#### [The data]

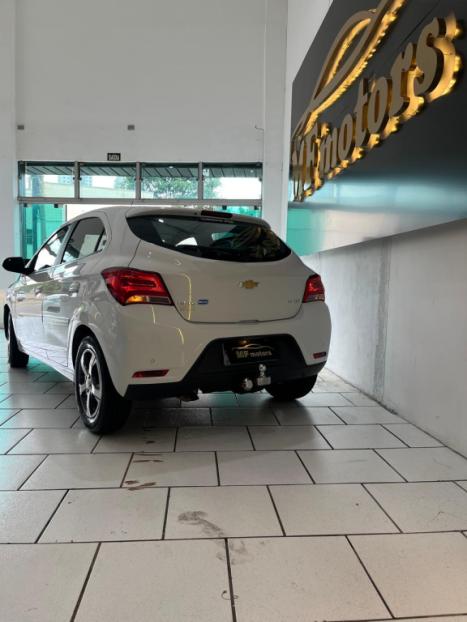 CHEVROLET Onix Hatch 1.4 4P FLEX LTZ, Foto 4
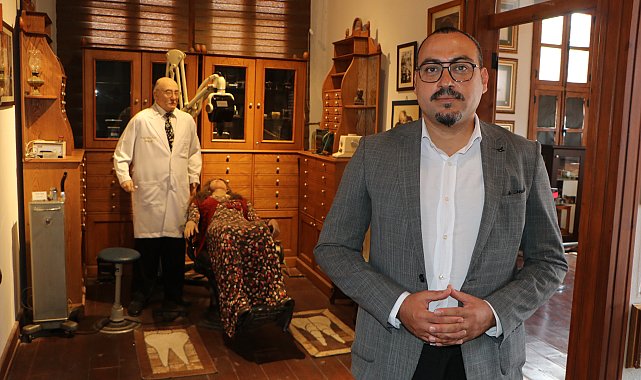 Atatürk'ün damak kalıbının örneği, Enver Paşa'nın azı dişi aynı müzede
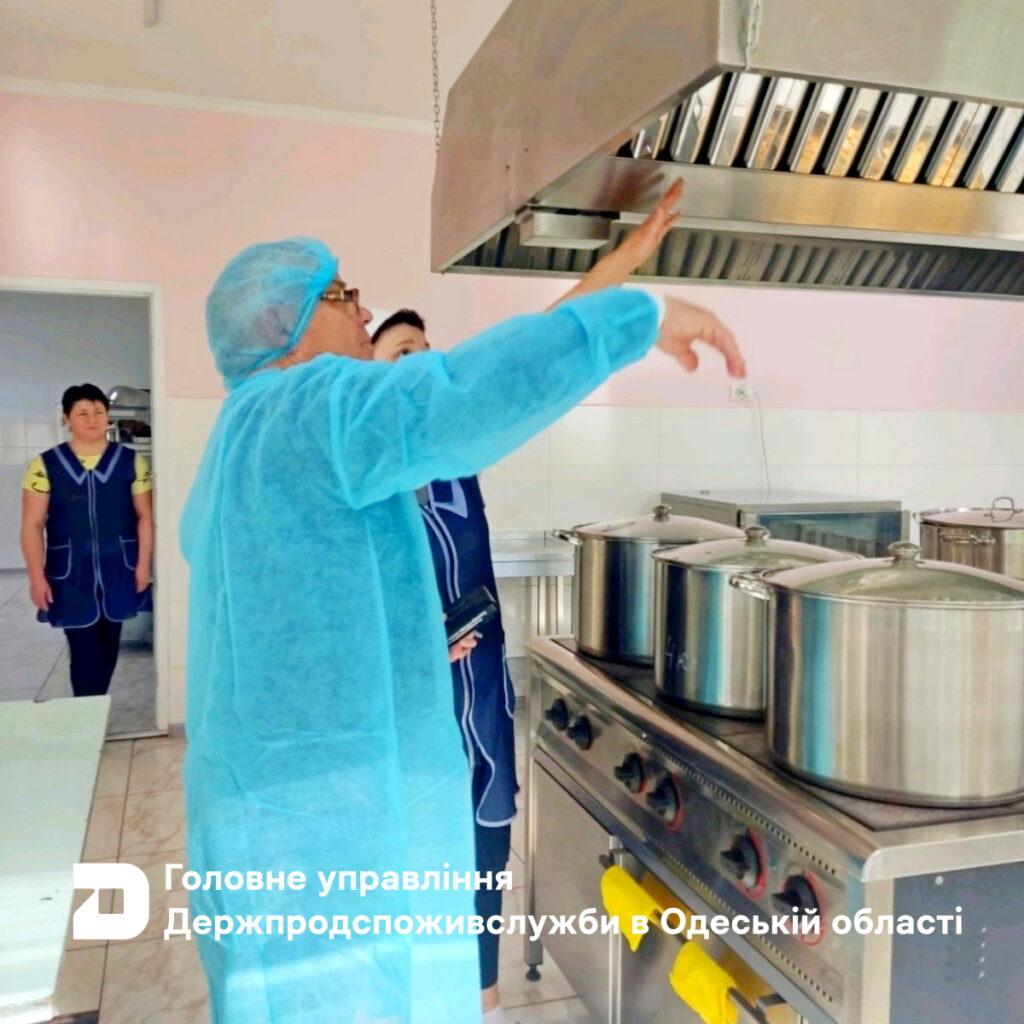 Протирадіаційне укриття та сонячні батареї: на Одещині покращили заклади освіти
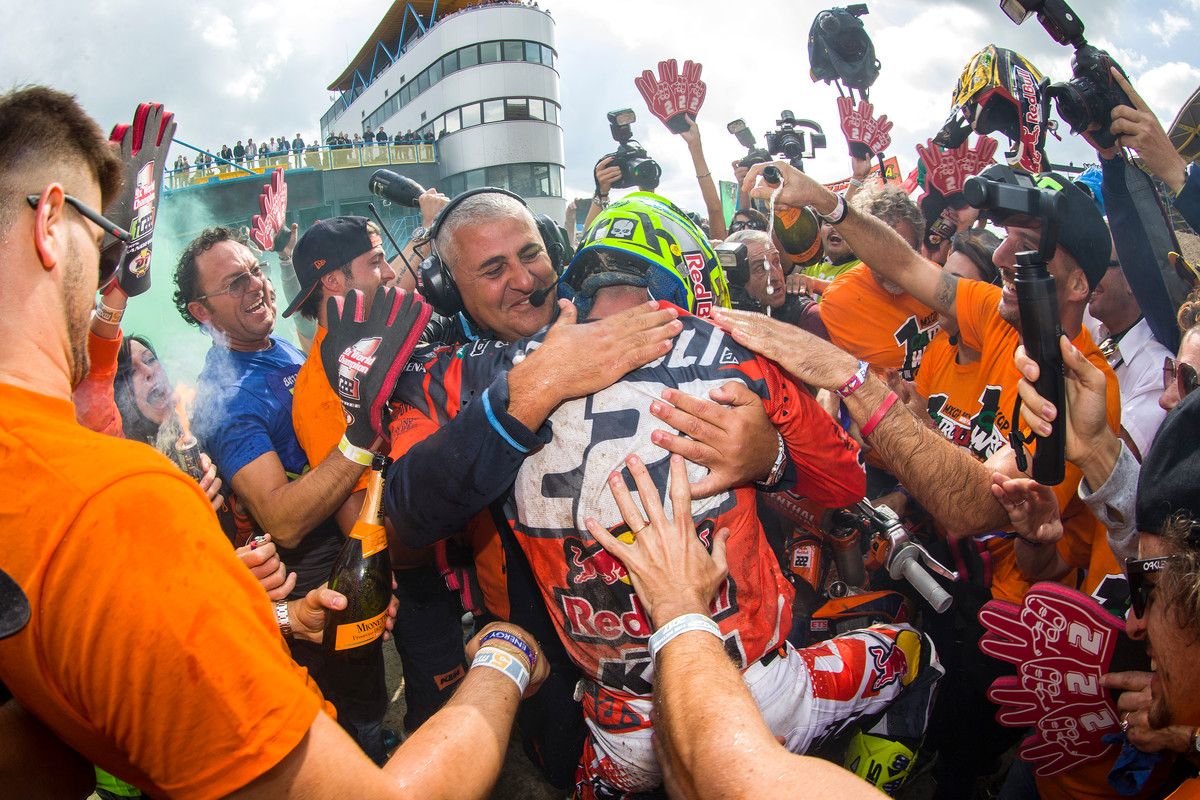203435_Cairoli_success_MXGP_2017_R18_RX_4471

#### [Exercise goal]
Everything in the listing above except the pictures should be duplicated exactly.

#### [Result of the task]
 CHEVROLET Onix Hatch 1.4 4P FLEX LTZ, Foto 4
 Atatürk'ün damak kalıbının örneği, Enver Paşa'nın azı dişi aynı müzede
 Протирадіаційне укриття та сонячні батареї: на Одещині покращили заклади освіти
203435_Cairoli_success_MXGP_2017_R18_RX_4471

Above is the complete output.